While literature on the persistence of segregation in the “post-civil rights” period focuses less on state actors, my first paper documents the relationship between prison proliferation and segregation at the neighborhood and place-level. I find that suburbs with prisons have higher levels of racial segregation than those without, and this relationship holds even when excluding incarcerated people from segregation estimates and controlling for structural factors related to segregation. I point to scholarship on how neighborhood frames contribute to place-level stratification and how institutions help to create and inculcate racial-spatial boundaries to help explain these findings.
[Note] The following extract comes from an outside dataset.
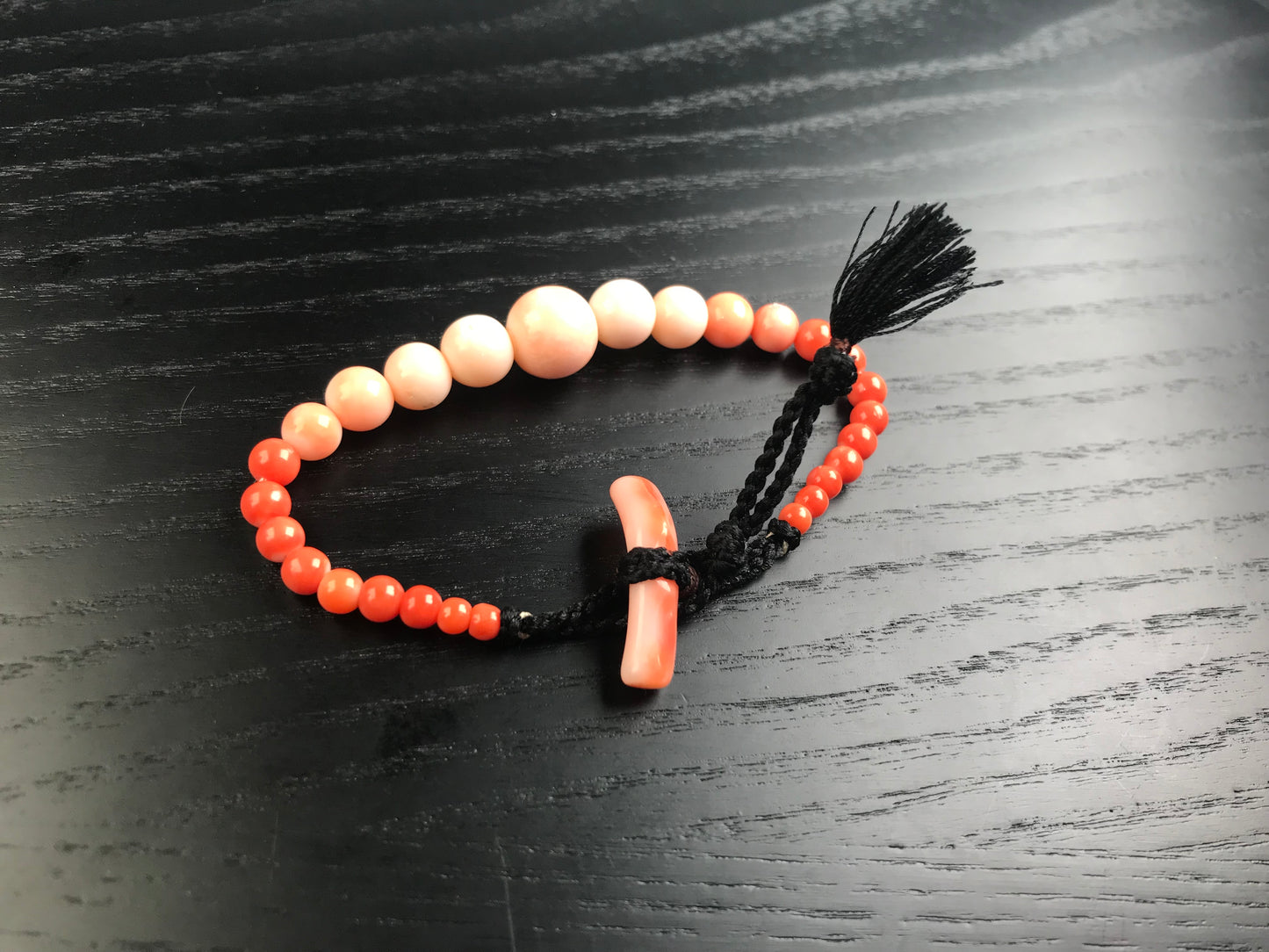 Extremely rare Momo coral color and size graduation Haorihimo bracelet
To examine the extent to which prisons serve as segregating forces in suburbs, I leverage the generalized synthetic control method in the second paper. This design allows for variation in “treatment time” (e.g., when a prison opened) and uses data from pretreatment periods as benchmarks to weigh “control units” (e.g., those places that never received a prison) to make the best possible predictions for treated counterfactuals. I find that while cities and suburbs where prisons would be built already had higher levels of racial segregation well before prison construction, prisons built in the 1980s and 1990s further deepened racial segregation. In the final paper, I plan to flip the independent and dependent variables to investigate the determinants of prison siting.
Ultimately, my dissertation offers three major contributions for research on the carceral state, sub/urban development, and residential segregation. First, prisons are state projects that racially and economically differentiate metropolitan space. Because prisons were built disproportionately in economically disinvested places without other industrial bases, they likely play an outsized role in their development. Second, prisons are place-based institutions like schools or public housing developments that influence the shared social meanings attached to certain neighborhoods and places that work to perpetuate residential segregation. Finally, I argue that prison proliferation, a racial project that expanded the state’s carceral capacity, can also be understood as an overlooked redirection of the state’s late twentieth century segregating efforts outside of housing policy.